If the name is that common, I would definitely agree with Dave, you need to consult an attorney. An attorney will be able to do proper searches and advise you what is the best course of action. Maybe you can get the word trademarked, maybe you can't. Generic words can be tough to register.

The system is set up to prevent multiple people from using the same brand names for the same type of product. As a general rule, "sight," "sound," and "meaning" are used to determine if two names are similar enough to be considered a conflict (so adding the $ symbol wouldn't help, as "money" and "money$" are basically the same). Either your attorney will find a conflict during the searching phase, or the trademark examining attorney assigned to your application will find a conflict (if this happens, you will not get your application fee back). Either way, you won't be allowed to trademark the name if someone else has a similar name. So the only legal issue you could have is if you continue the using the name after you find out you can't legally use it.


----------



## moneymadness (Dec 3, 2009)

kimura-mma said:


> If the name is that common, I would definitely agree with Dave, you need to consult an attorney. An attorney will be able to do proper searches and advise you what is the best course of action. Maybe you can get the word trademarked, maybe you can't. Generic words can be tough to register.
> 
> The system is set up to prevent multiple people from using the same brand names for the same type of product.
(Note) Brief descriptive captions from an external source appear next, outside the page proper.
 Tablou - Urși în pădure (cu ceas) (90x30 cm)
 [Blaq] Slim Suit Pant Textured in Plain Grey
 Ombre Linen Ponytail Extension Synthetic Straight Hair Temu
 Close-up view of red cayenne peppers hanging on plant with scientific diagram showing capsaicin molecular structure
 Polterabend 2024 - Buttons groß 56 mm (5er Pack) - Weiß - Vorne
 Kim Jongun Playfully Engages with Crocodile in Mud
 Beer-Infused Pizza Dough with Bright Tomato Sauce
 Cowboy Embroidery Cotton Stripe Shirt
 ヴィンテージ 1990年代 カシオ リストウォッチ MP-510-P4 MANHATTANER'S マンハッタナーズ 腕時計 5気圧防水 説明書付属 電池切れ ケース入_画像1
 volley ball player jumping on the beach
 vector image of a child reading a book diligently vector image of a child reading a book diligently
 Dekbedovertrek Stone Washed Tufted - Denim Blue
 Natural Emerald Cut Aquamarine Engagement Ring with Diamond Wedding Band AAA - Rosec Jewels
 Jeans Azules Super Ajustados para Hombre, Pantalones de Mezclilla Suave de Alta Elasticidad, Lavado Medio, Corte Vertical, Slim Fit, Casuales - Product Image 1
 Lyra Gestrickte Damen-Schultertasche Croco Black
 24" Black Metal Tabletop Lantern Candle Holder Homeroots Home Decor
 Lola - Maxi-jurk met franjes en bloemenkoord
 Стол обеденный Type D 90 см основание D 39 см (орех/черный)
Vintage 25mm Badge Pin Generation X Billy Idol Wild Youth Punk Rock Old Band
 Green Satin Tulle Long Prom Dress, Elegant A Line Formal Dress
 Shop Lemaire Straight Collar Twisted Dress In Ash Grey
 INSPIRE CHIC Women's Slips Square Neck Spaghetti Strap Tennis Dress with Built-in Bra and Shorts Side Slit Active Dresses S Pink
As a general rule, "sight," "sound," and "meaning" are used to determine if two names are similar enough to be considered a conflict (so adding the $ symbol wouldn't help, as "money" and "money$" are basically the same). Either your attorney will find a conflict during the searching phase, or the trademark examining attorney assigned to your application will find a conflict (if this happens, you will not get your application fee back). Either way, you won't be allowed to trademark the name if someone else has a similar name. So the only legal issue you could have is if you continue the using the name after you find out you can't legally use it.


do trademark help from someone copy my t-shirts designs or do i need to get each design copyright. also does this keep someone from using your design and quotes. example you see alot of I LOVE NY,I LOVE HATERS,etc.


----------



## kimura-mma (Jul 26, 2008)

moneymadness said:


> do trademark help from someone copy my t-shirts designs or do i need to get each design copyright. also does this keep someone from using your design and quotes. example you see alot of I LOVE NY,I LOVE HATERS,etc.


Trademarking only protects the brand name or logo that is registered. To protect a design, you would to copyright it separately. Quotes, phrases, slogans, etc used on t-shirts would need to be trademarked separately if you wanted to protect them.

Two things to note...
When you copyright a design, you only have ownership of the exact design. If someone used the same concept, but designed it differently, that would be legal for them to do so.

Registering a design, brand name, logo, etc doesn't actually prevent anyone from stealing and using it. It is up to you to protect your registrations by suing infringers.


----------